» What needs to be done:
Pictures are to be dropped, and only the lines from the one containing "Apartment Fankhauser-Binnen" through the end of the data below are to be reproduced as written.

(Given records Opens)

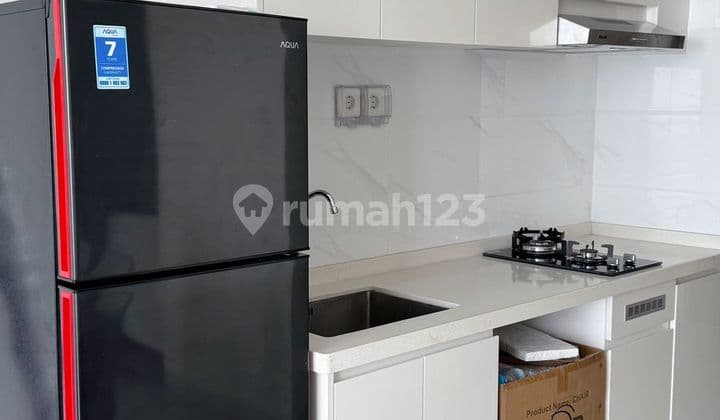 Disewakan Apartemen 2 Bedroom Tower Jervois Apartemen Furnished 2 Kamar Tidur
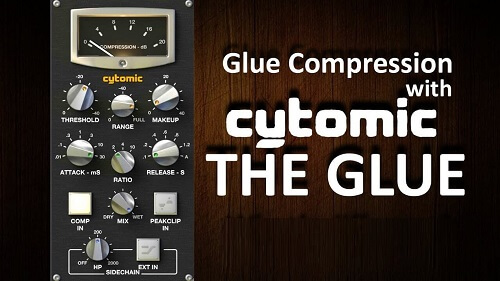 Cytomic The Glue Crack VST 1.5.1 (Latest Version) Free Download 2023
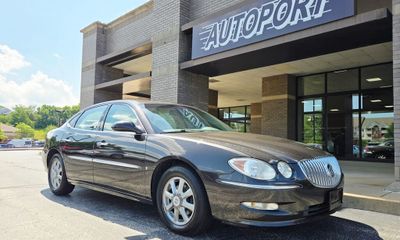 2009 Buick Lacrosse CXL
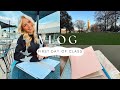 FIRST DAY OF CLASSES | Spring 2023 Sophomore Year | Day in my Life | The University of Alabama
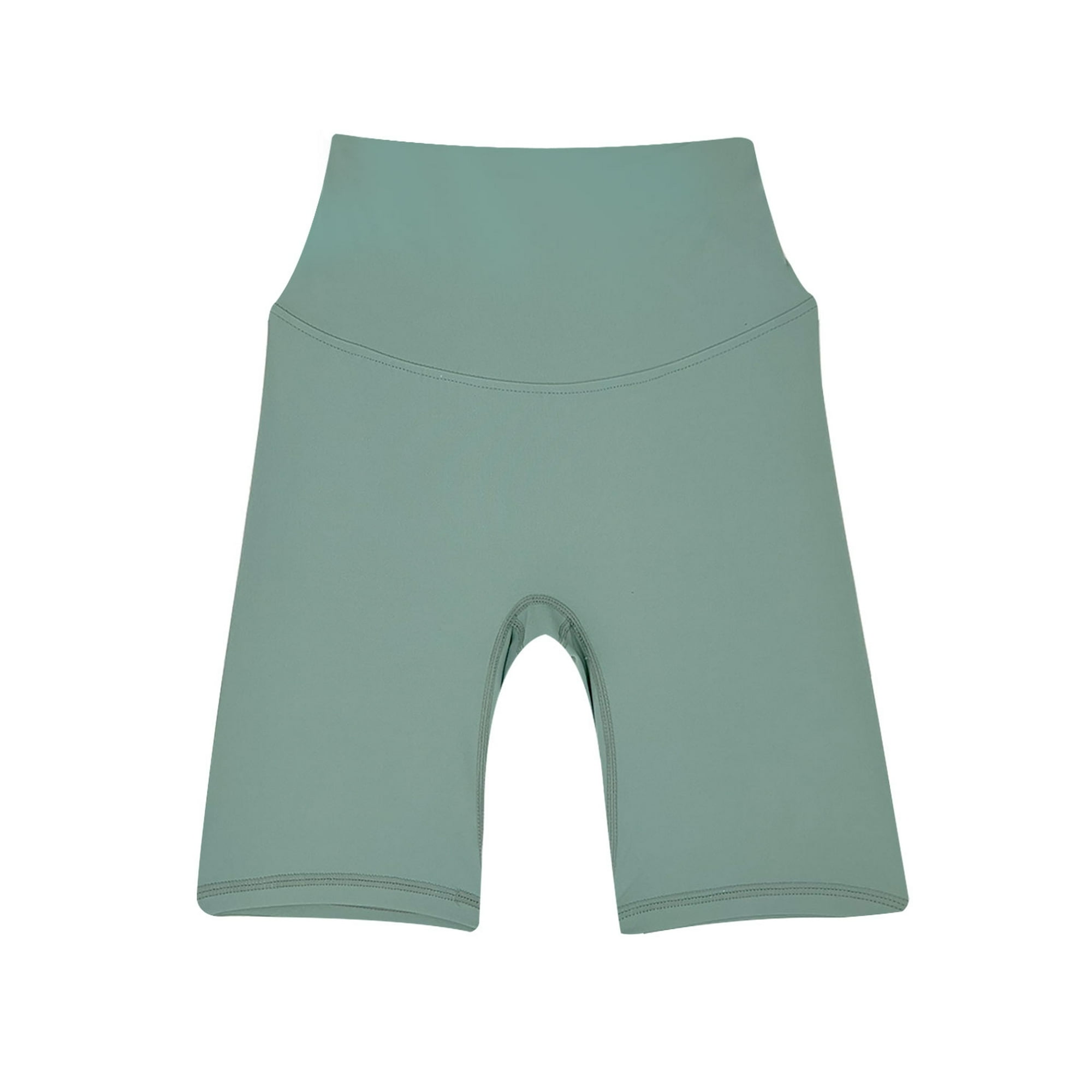 Samia - Calza Biker Verde S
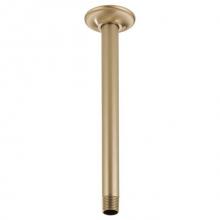 Brizo Canada RP48986GL - Shower Arm - 10 In. Ceiling Mount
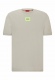 Tee shirt Diragolino212 50447978 055 Light/pastel Grey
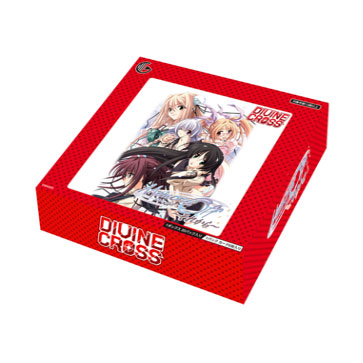【特典】メモリーズオフ ～それから～DIVINE CROSS ブースターパック 20パック入りBOX[TCG]《発売済・在庫品》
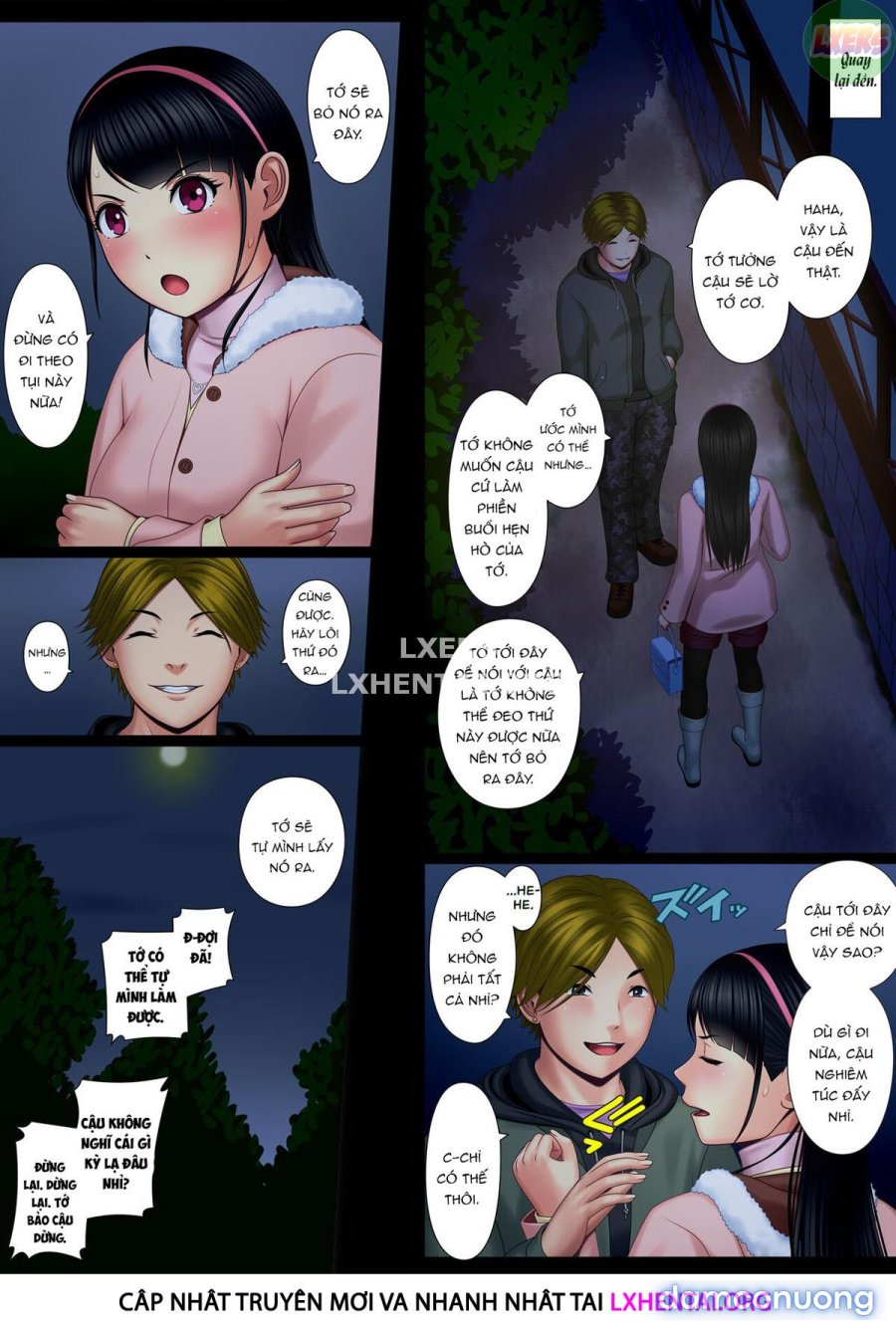 Pleasure ≠ Boyfriend ~I Can't Believe Guys As Annoying As These Are Making Me Cum 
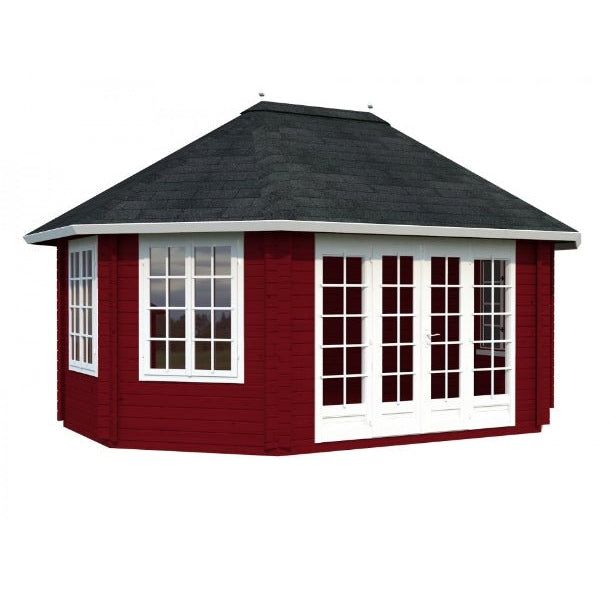 Palmako - Sauna stove Narvi 6 kW with integrated control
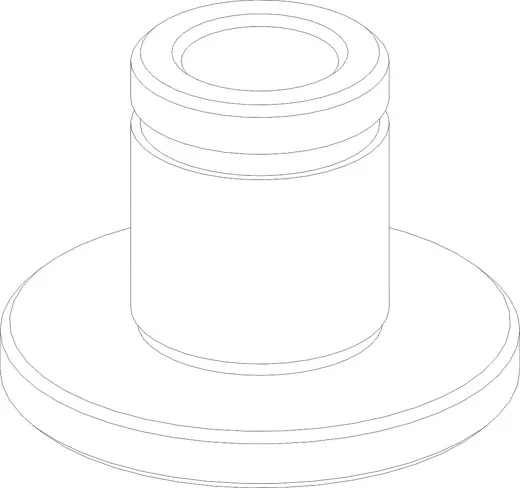 THROTTLE SEAL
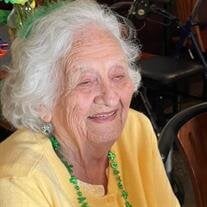 Blanche Editha Scott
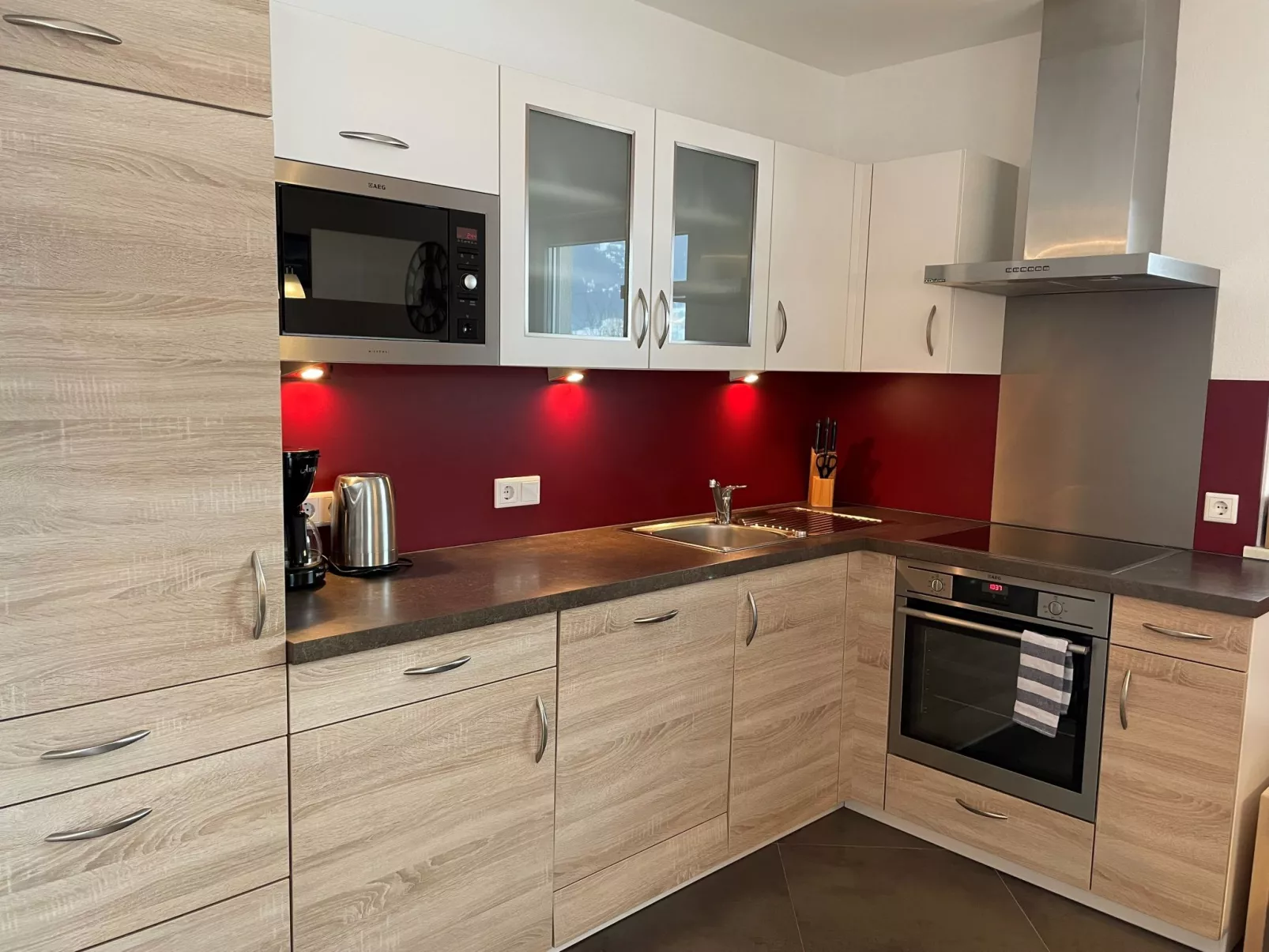 Apartment Fankhauser-Binnen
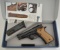 Beretta Model 84 .380 Semi-Auto Pistol MIB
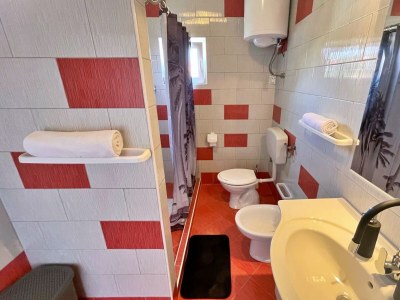 Apartment Three bedroom apartment with terrace and sea view Polje, Krk A-18669-c - Outdoor photo 30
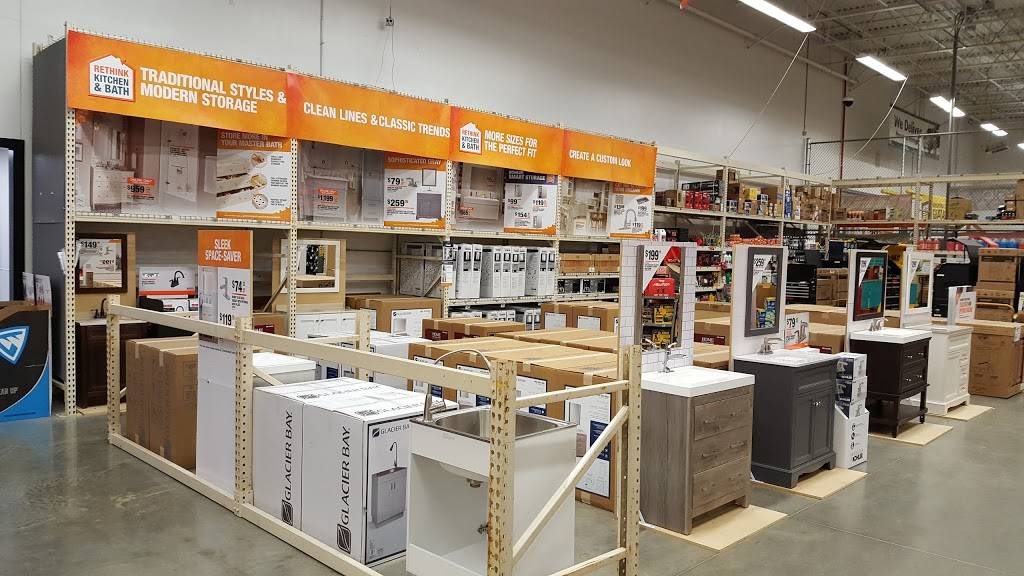 The Home Depot | 5501 Belleville Crossing St, Belleville, IL 62226, USA | Phone: (618) 239-3351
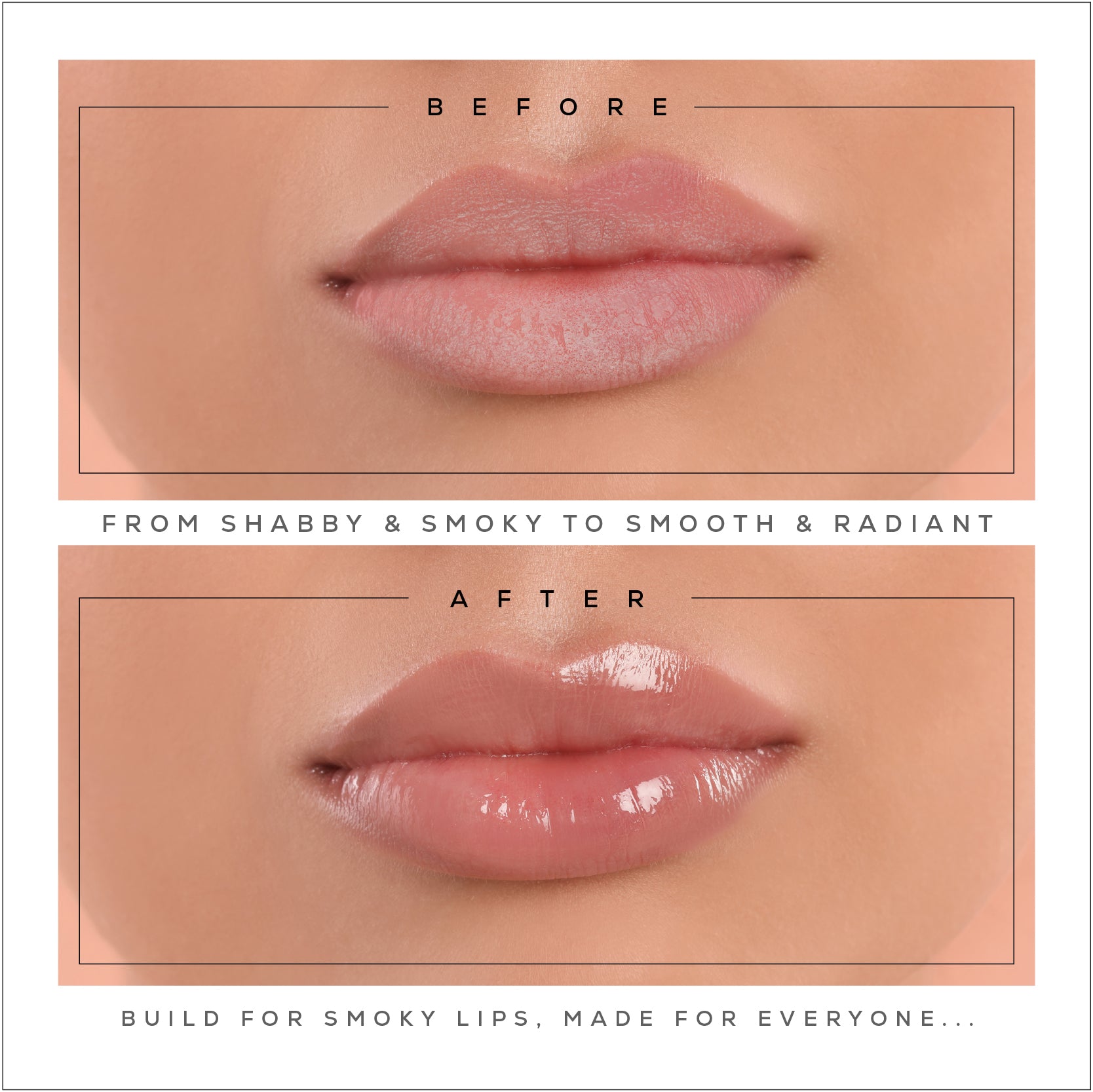 Nourishing Lip Mask with Raspberry, Shea Butter & Jojoba Oil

(Given records Closes)

» Exercise response:
 Apartment Fankhauser-Binnen
 Beretta Model 84 .380 Semi-Auto Pistol MIB
 Apartment Three bedroom apartment with terrace and sea view Polje, Krk A-18669-c - Outdoor photo 30
 The Home Depot | 5501 Belleville Crossing St, Belleville, IL 62226, USA | Phone: (618) 239-3351
 Nourishing Lip Mask with Raspberry, Shea Butter & Jojoba Oil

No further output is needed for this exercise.